Q: Coulomb's Law of electrostatics was modelled by Maxwell by mechanical means after his mathematical deductions as an added verification (thanks for that bit of info Edwin), which I highly admire. To me, this gives his equation some substance. I have a problem with the laws of gravity though, especially the mathematical representation that "every object attracts every other object equally in all directions." The 'fabric' of spacetime model of gravity doesn't lend itself to explain the law of electrostatics. Coulomb's law denotes two types of matter, one 'charged' positive and the opposite type 'charged' negative. An Archimedes screw model for the graviton can explain -both- the gravity law and the electrostatic law, whilst the 'fabric' of spacetime can't. Doesn't this by definition make the helical screw model better than than anything else that has been suggested for the mechanism of the gravity force?? Otherwise the unification of all the forces is an impossiblity imo. Do you have an opinion on my analysis at all?

Best wishes,

Alan

John,

As promised, but with some delay ;-) , here is my (very brief) comment which you asked for.

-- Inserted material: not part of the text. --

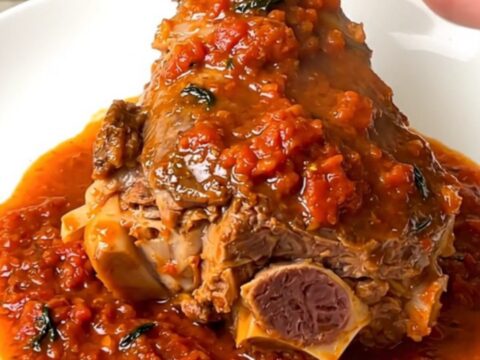 A close-up of a tender lamb shank in a rich tomato sauce on a white plate.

As I mentioned in my reply to your message (on my essay's page), I believe in the priority of considerations related to (object or data) representation in science over logical considerations: the latter should follow the "logic" of the chosen representation, i.e. the logic should emerge during our analysis of "data "manipulation". Mathematics so far has been dealing basically with the numeric representations (for over four thousand years), and it is quite possible that the way out of our present difficulties in physics and other sciences require a radical revision of this basic, numeric, form of representation rather than any escapades into new forms of logic that are not motivated by any new forms of object/data representation. Again, to see the nature in a new light we need to change the form of data representation, which we have never done so far.

I'm sorry if I have not been as helpful as you expected.

My best wishes to you!

Dear John Benavides,

1JB: "I think, you are misunderstanding something. You cannot separate mathematics and logic. If you are saying you have found some problems with some basic notions in mathematics it is because the logic that you are using to think about these notions do not agree with the logic that define and govern them. "

1EB: My logic is the logic used by Euclid, Galileo, and many others. Where is the logic that defines and governs the basic notions in mathematics? Galileo compellingly concluded that the relations smaller, equal to, and larger do not apply for infinite quantities. Perhaps even Goedel was not able or not willing to accept that. He imagined the cardinality of continuum much larger than 2^aleph_0. Goedel proved CH does not contradict to ZF, and Cohen proved its opposite does also not contradict ZF. Hence CH is with Popper's words not falsifiable, in Pauli's language not even wrong. My logic tells me that the notion transfinite cardinality contradicts Galileo's conclusion. In other words, Georg Cantor misguided mathematics to leave the path of clean logic.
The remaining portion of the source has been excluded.